Les obligations du choix de la démocratie
Le même chercheur reconnaît d’emblée que la Turquie est un état démocratique et que le pouvoir actuel dispose d’une légitimité électorale indubitable. De même, le bilan de l’exercice du pouvoir de l’AKP, le parti au pouvoir «a positivement modifié le visage de la Turquie du point de vue des libertés individuelles et collectives, on vit ainsi sûrement mieux aujourd’hui qu’il y a quinze ans mais, remarque Didier Billon, moins bien qu’il y a trois ans». Sur les plans positifs, le chercheur pointe notamment le retour de l’armée turque dans ses casernes alors que les forces militaires faisaient et défaisant les régimes précédemment.

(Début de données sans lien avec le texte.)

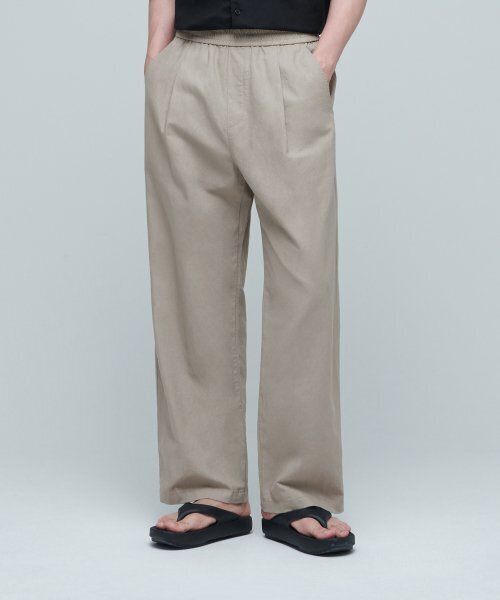 MUSINSA STANDARD(ムシンサスタンダード)の「コットンリネンワンタックワイドパンツ【ベージュ】(その他パンツ・メンズ・その他・36/34/32/30/26/28)」の1枚目の写真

L’AKP a également mené une modernisation de l’économie, certes de manière très libérale mais cela a porté ses fruits avec un des meilleurs taux de croissance de l’Europe. «Ce sont ainsi paradoxalement des parties de la population qui ont bénéficié des progrès économiques qui contestent aujourd’hui le pouvoir parce qu’elles refusent la tentative de ce dernier de s’ingérer dans leur vie privée ou d’instaurer un ordre moral qu’elles n’acceptent pas» constate l’universitaire qui pointe la volonté d’une certaine réislamisation du vieil état laïc fondé par Kemal Atatürk.

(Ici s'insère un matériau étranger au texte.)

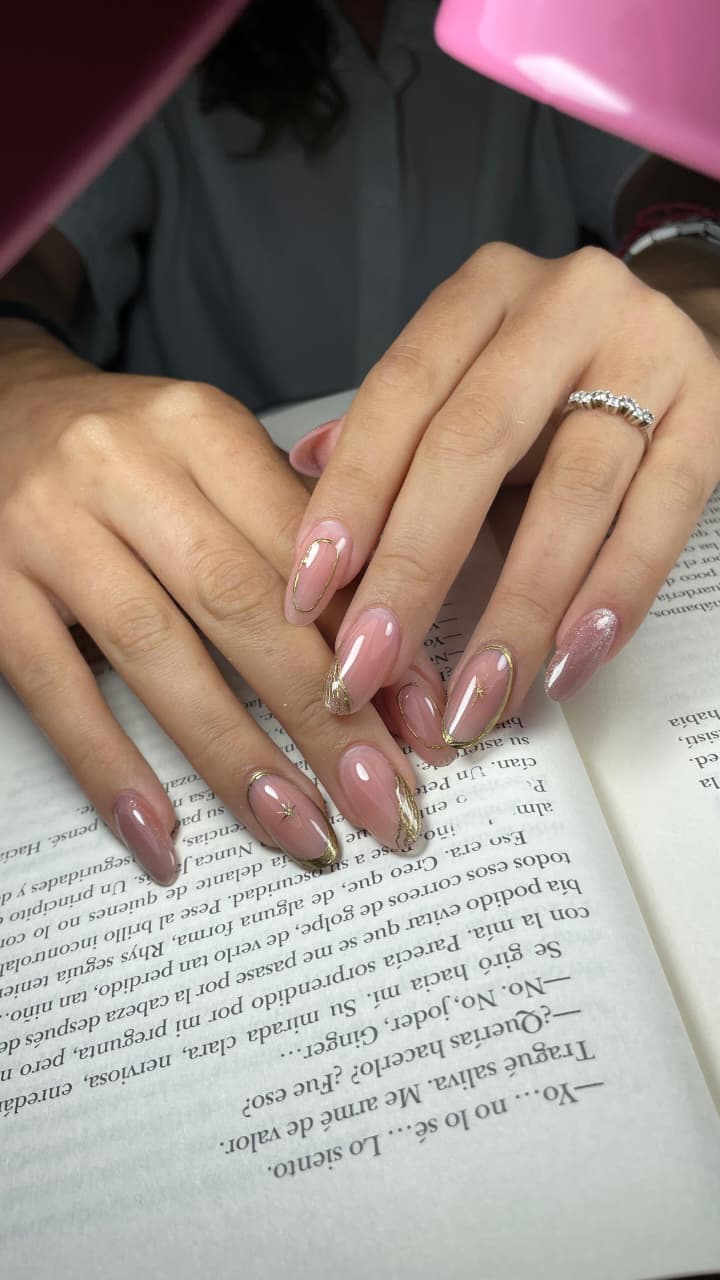 Uñas nude con detalles dorados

De même, la démocratie ne s’arrête pas à la majorité gagnée lors d’une précédente élection : «il n’est pas acceptable de prétendre que le gouvernement actuelle représente seule la «vraie Turquie», proteste Didier Billon, ce n’est pas parce que le parti au pouvoir a recueilli près de 50% des voix qu’il est en droit de mépriser ceux qui n’ont pas voté pour lui». Mais le chercheur reste dubitatif sur le débouché politique d’un mouvement très large mais aussi très hétérogène. Rajoutons après lui, la très curieuse initiative européenne avant-hier, de rouvrir les négociations d’adhésion de la Turquie à l’UE après l’avoir ostensiblement boudée pendant six ans. Mais il est vrai que les shows-off internationaux sont toujours étonnants.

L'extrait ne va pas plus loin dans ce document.